Backtested performance returns must be consistent with live versions of the strategy
The SEC determined that the RIA advertised hypothetical, backtested performance results for its opportunistic all asset strategy without disclosing certain dissimilarities between the funds and other products used in the backtest and the funds included in the “live” version of the strategy. The backtest and the live strategy utilized different securities when constructing a model portfolio. Furthermore, certain funds used in the backtest were not adequately correlated with the securities they replaced in the live strategy.
The RIA maintained written policies and procedures that required the firm to comply with the SEC’s rules applicable to advertising. Unfortunately, the RIA failed to adopt and implement policies or procedures governing the preparation, presentation, and disclosure of hypothetical, backtested performance returns. This failure created a risk that the firm’s advertising of backtested results would incorporate an untrue statement of a material fact or might be otherwise false or misleading.
In addition, the RIA failed to preserve copies of the advertisements marketing its strategy, which were distributed to prospective clients between January 2016 and June 2016. During that time frame, the RIA prepared “tear-sheets” that advertised historical performance returns for the firm’s strategy. These advertisements were posted on the RIA’s public website and were provided to third-party advisors.
The SEC concluded that the RIA violated Section 206(4) of the Investment Advisers Act of 1940 and Rule 206(4)-7 thereunder. The RIA’s failure to preserve certain advertisements violated Section 204(a) of the Investment Advisers Act and Rule 204-2(a)(11) thereunder.
Without admitting or denying the findings, the RIA agreed to a cease-and-desist order, as well as censure. Furthermore, the RIA agreed to pay a civil penalty of $70,000. The enforcement action is available here.
New Marketing Rule’s application to hypothetical, backtested performance
Although this enforcement action was brought under the prior Advertising Rule, it is helpful to look at the requirements for hypothetical, backtested performance under the new Marketing Rule. The new rule establishes a compliance date of November 4, 2022.
“Hypothetical performance” refers to results that were not actually achieved by any portfolio of the RIA. Hypothetical performance specifically includes but is not limited to model performance, backtested performance, and targeted or projected performance returns.

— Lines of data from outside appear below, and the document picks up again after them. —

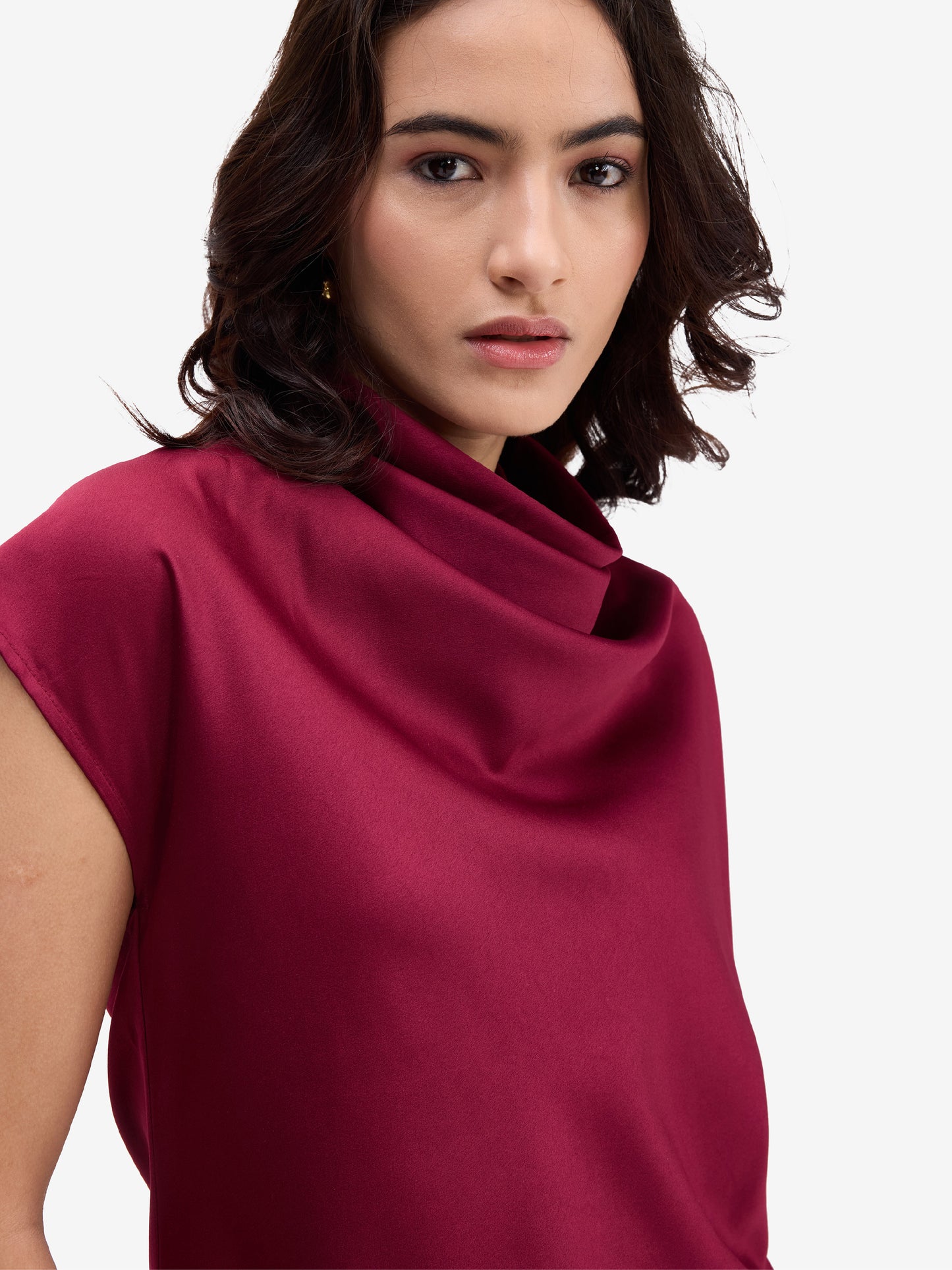 Maroon Luxe Satin Cowl Neck Top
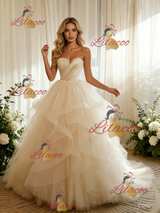 Ivory Tulle Pleats Strapless Wedding Dress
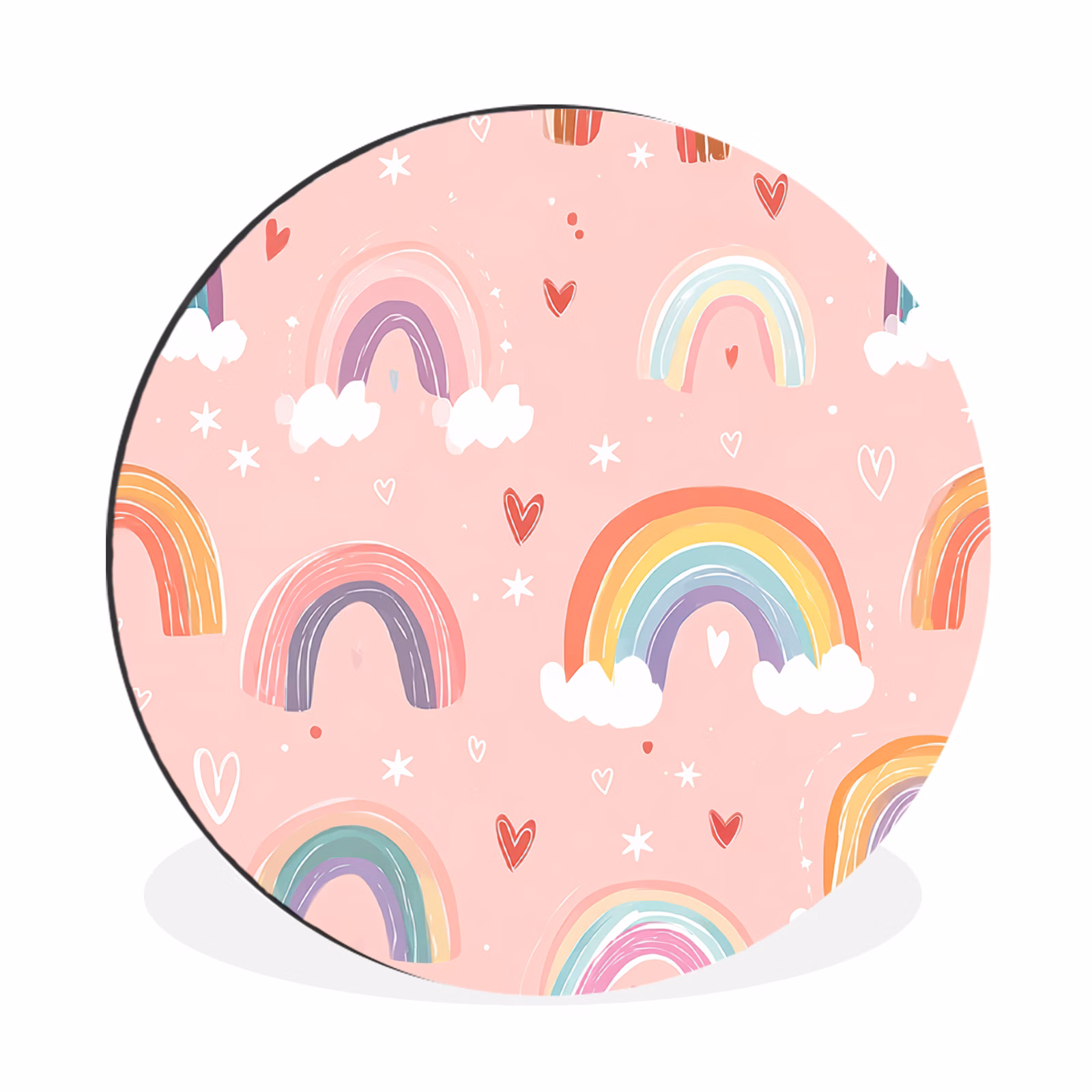 Wandcirkel - Aluminium - Regenboog - Patroon - Pastel — 1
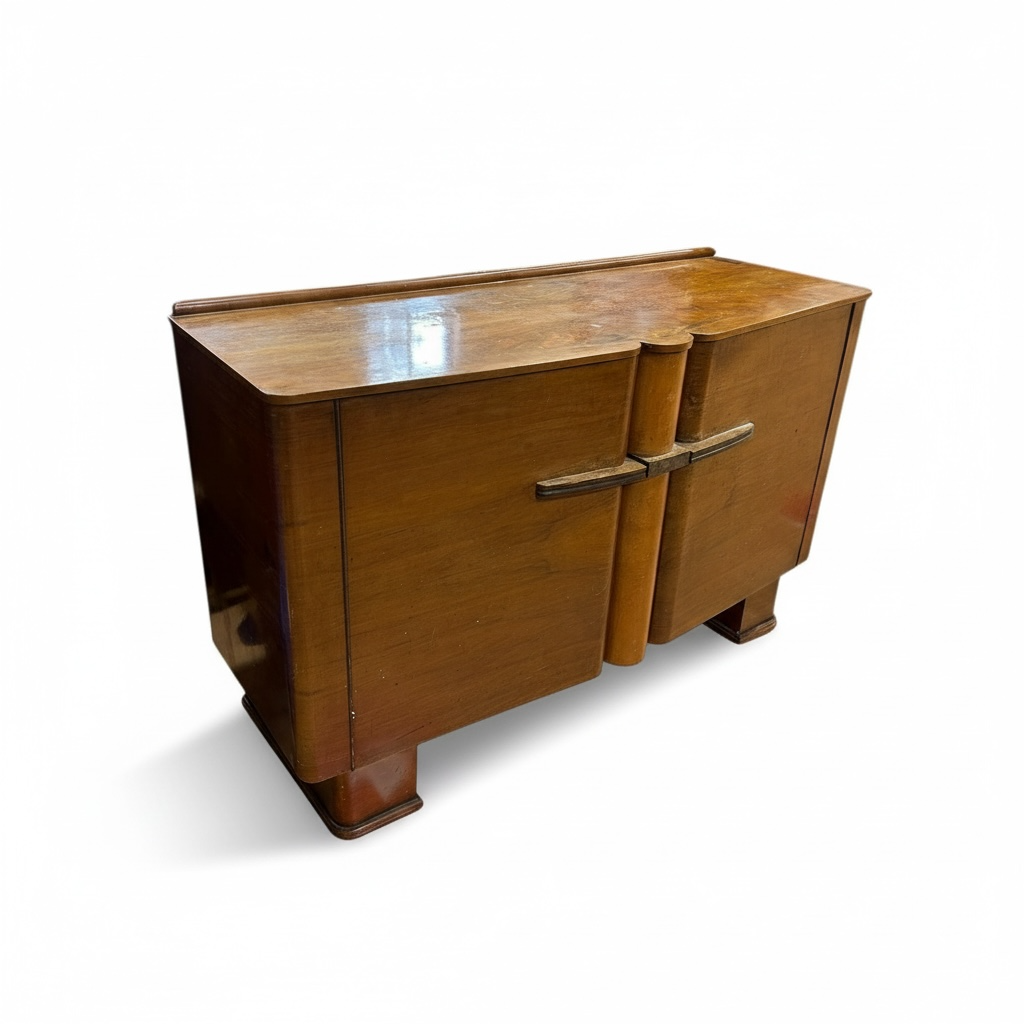 Art Deco Sideboard – Walnut Drinks Cabinet With Bakelite Handles | Vintage 1930s Bar — view 4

Although hypothetical performance can potentially mislead investors, its use is permitted in advertisements under certain conditions. Before advertising hypothetical performance, an RIA must:
- Adopt and implement policies and procedures that are reasonably designed to ensure that the hypothetical performance is relevant to the likely financial situation and investment objectives of the intended audience of the advertisement;
- Provide sufficient information to enable the intended audience to understand the criteria used and assumptions made in calculating the hypothetical performance; and
- Provide sufficient information to enable the intended audience to understand the risks and limitations of using hypothetical performance in making investment decisions.
Policies and procedures should ensure that the RIA’s advertisements are accompanied by robust disclosures to keep them from being misleading. When the intended audience is an investor in a private fund, the RIA only has to offer to provide sufficient information to enable the intended audience to understand the risks and limitations of using hypothetical performance in making investment decisions.
The new Marketing Rule does not apply to certain hypothetical performance presentations:
- Communications containing hypothetical performance returns when given in response to an unsolicited request for such information from a prospective or current client or investor in a private fund advised by the advisor; or
- Communications containing hypothetical performance returns when given to a prospective or current investor in a private fund are advised by the advisor in one-on-one communication.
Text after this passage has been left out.